Monday, November 28, 2011

Music In Bordeaux

I wish I could say that I spent most of my time digging through the culture of the city, but the reality is that work occupied all but a small fraction of the two weeks I was there. And yet there's always something to take note of, however small, because music is everywhere ...

My morning alarm was set to a soft rock radio station, it just happened to be the first non-talk station that turned up when I was scanning through the dial, and I never bothered to change it. Once they played a song from Gainsbourg's rather excellent "Percussions", and on a different day they played Alan Parsons Project's "Eye in the Sky" and I couldn't get it out of my head for days (I knew the song, but hadn't heard it in years, and never knew what the title was and didn't know it was by the Alan Parsons Project). Is it just me or does it sound a lot like Lady Antebellum's "Need You Now"?
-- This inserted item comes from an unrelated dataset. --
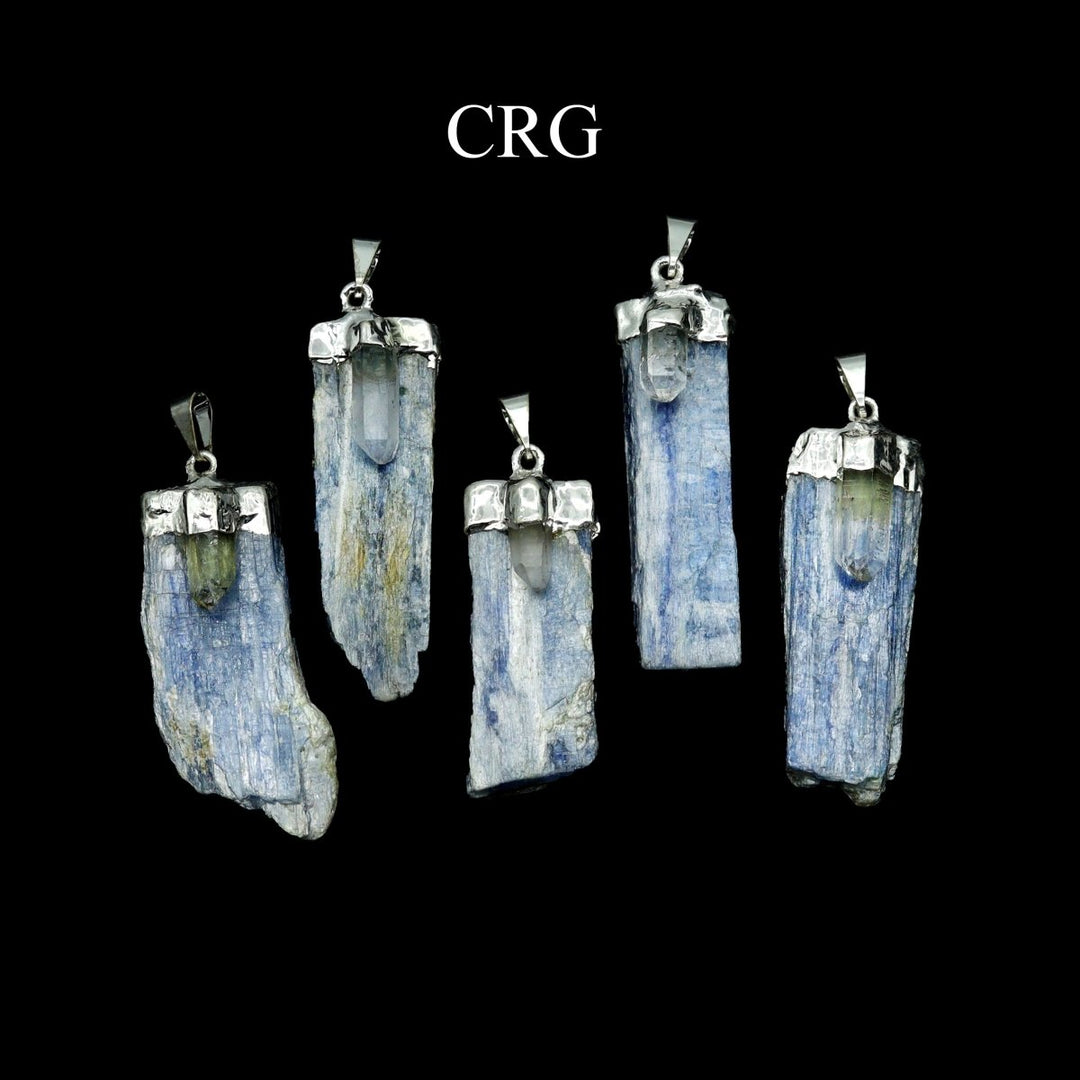 Blue Kyanite Blade Pendant with Quartz Point and Silver Plating (4 Pieces) Size 1.5 to 2.5 Inches Crystal Jewelry Charm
Total Heaven is a music store in the St. Michel area of Bordeaux, and it's well worth visiting if you're a jazz, metal, or noise/experimental fan. It's even more worth the time to visit if you buy vinyl. The ongoing downward spiral of record stores is depressing, but it's balanced by vinyl's outright refusal to die. There are few things in life that make me feel happier than knowing that vinyl will outlive every format that came after it for (at least) the hundred or so years after its invention.

Do Make Say Think's "Other Truths" is really good, and now I feel bad for ignoring it when it came out two years ago. It's the most chilled thing they've ever done -- including their early dub-influenced stuff -- and thankfully they've done away with the vocal experiments. Funny how I had to travel to France to hear the music I used to regularly hear back home.*

Dub reggae bands at the Saturday protest of the week in Victoire, and rock bands playing in the store windows at Lafayette Homme.
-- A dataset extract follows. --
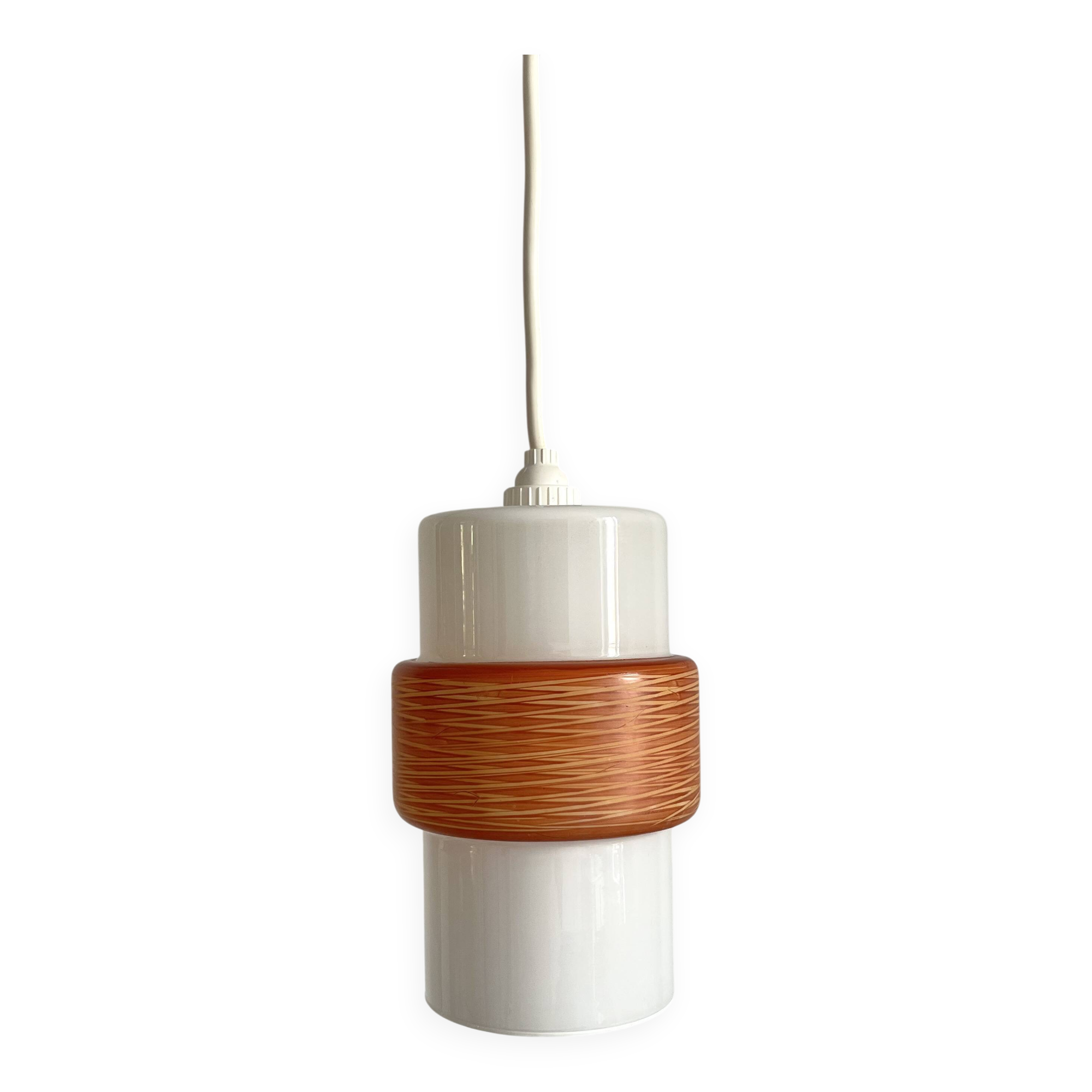 Sputnik pendant light, dark orange ring on white tube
In the taxi on the way to the Bordeaux airport at 5:30 AM, Bryan Adams "(Everything I Do) I Do It For You" came on the radio. Like everyone else over the age of 30, I've probably heard that song one billion times, or approximately 999 999 997 times more than I would have liked. However this was the first time I really listened closely to the production, probably because it was dark and quiet in the taxi and my mind was too weary to concentrate on anything else. My mind did wander to the subject of "Bryan Adams: Can-Con Y/N?" that was all the rage in 1991, so maybe that's why I focused on the production of the track, I don't know. Anyway, it bears repeating that Mutt Lange is a genius. It's a spectacular sounding track, the guitars layering but not smothering the vocals, the gated drums, etc. Swap out Bryan Adams for Joe Elliott and it's a Def Leppard song, it could have been on "Hysteria", or at least it could have been the natural sequel to "Love Bites" instead of the execrable and equally treacle-filled "Two Steps Behind". And I have no idea how I never realized any of this until that moment.

* my French host used to work in Ottawa, so maybe I'm exaggerating the oddity of this a little bit.